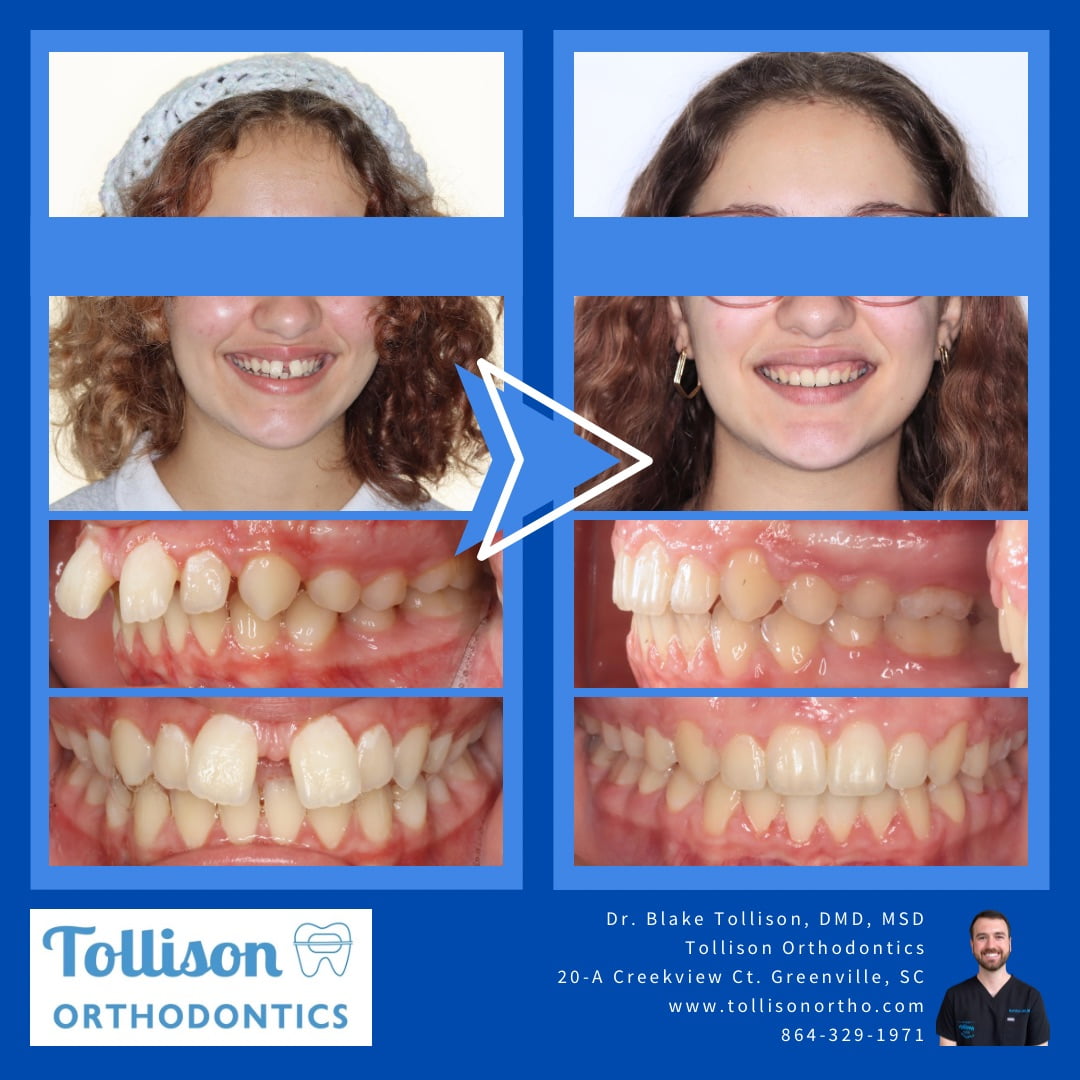 Side-by-side images of a person's teeth before and after orthodontic treatment, showing alignment improvement. Tollison Orthodontics branding and contact details at the bottom in Greenville SC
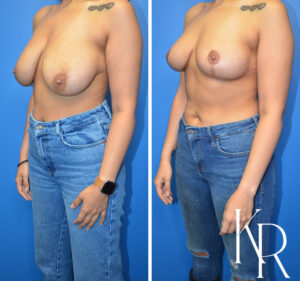 Before and after breast reduction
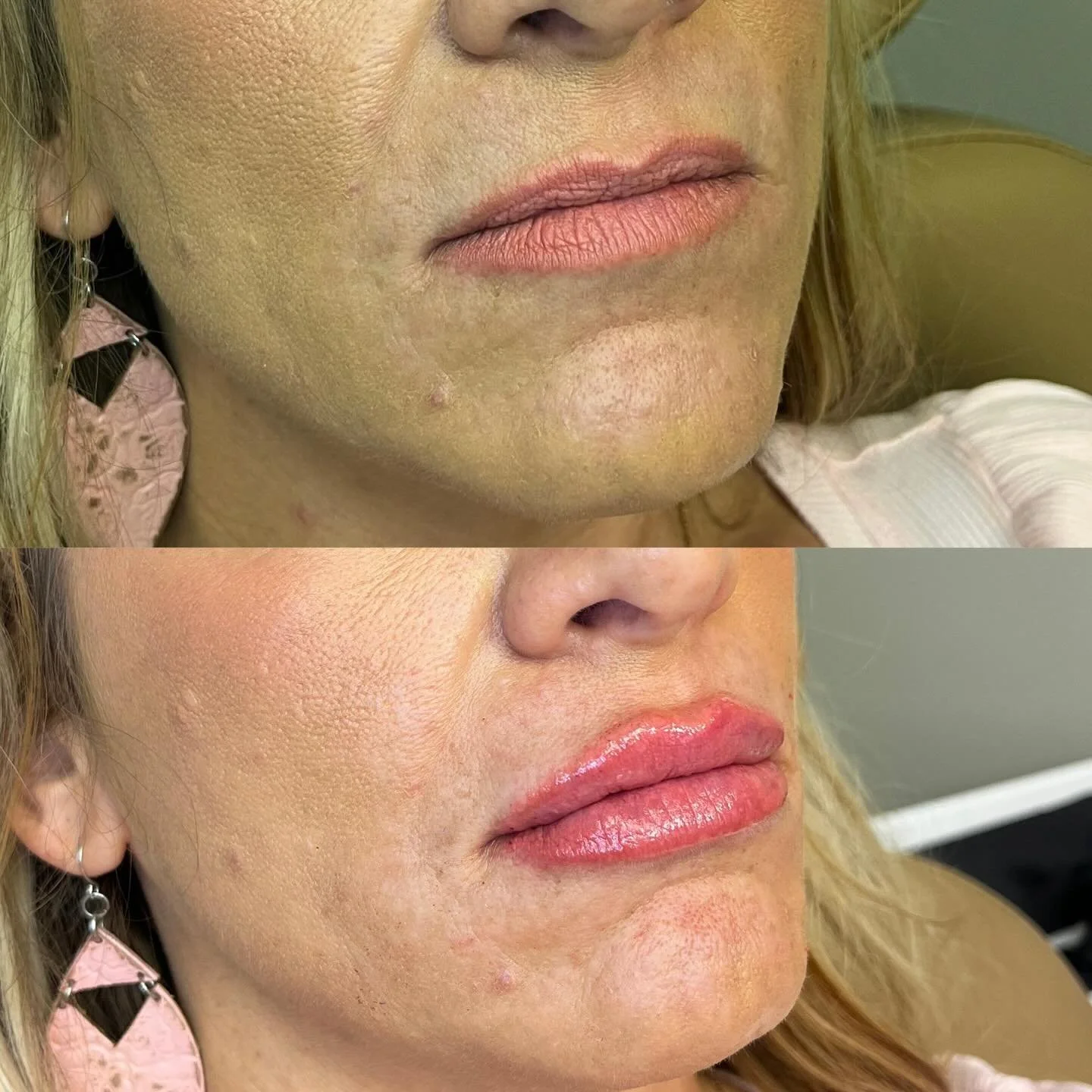 Did you know Juv&eacute;derm Ultra lip filler earns Allē points?
Allē is Allergan&rsquo;s rewards program that lets you save on future Botox and filler treatments just for doing what you already love.

✨ Why clients love Allē:
&bull; Earn points on J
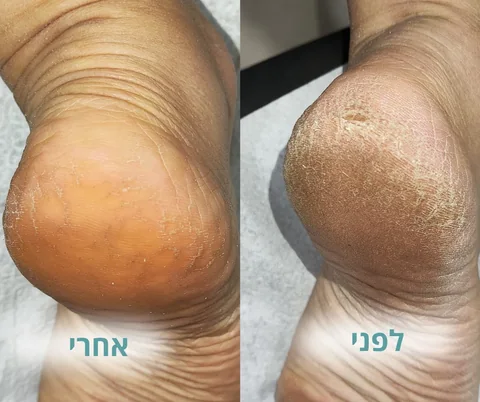 לפני ואחרי טיפול להפחתת עור קשה ויבש בעקב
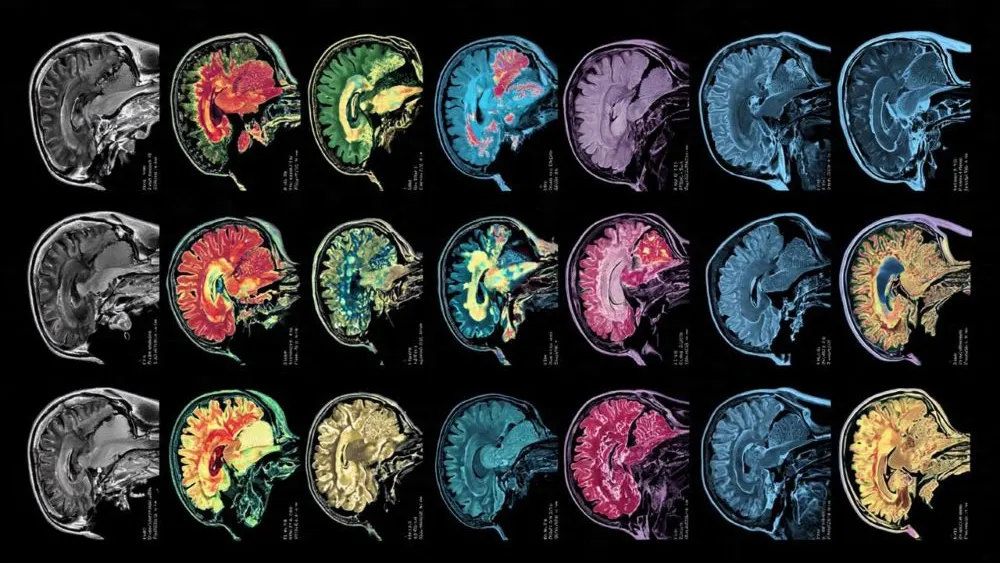 Featured image for Brain Tumor Classification Using InceptionV3 and Grad-CAM: A Deep Learning Pipeline article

————

▶ **Assignment**
Please print, exactly as given, the lines running from the beginning of the listing through the line containing "Why clients love", omitting each picture.

▶ **Answer to this problem**
 Side-by-side images of a person's teeth before and after orthodontic treatment, showing alignment improvement. Tollison Orthodontics branding and contact details at the bottom in Greenville SC
 Before and after breast reduction
 Did you know Juv&eacute;derm Ultra lip filler earns Allē points?
Allē is Allergan&rsquo;s rewards program that lets you save on future Botox and filler treatments just for doing what you already love.

✨ Why clients love Allē:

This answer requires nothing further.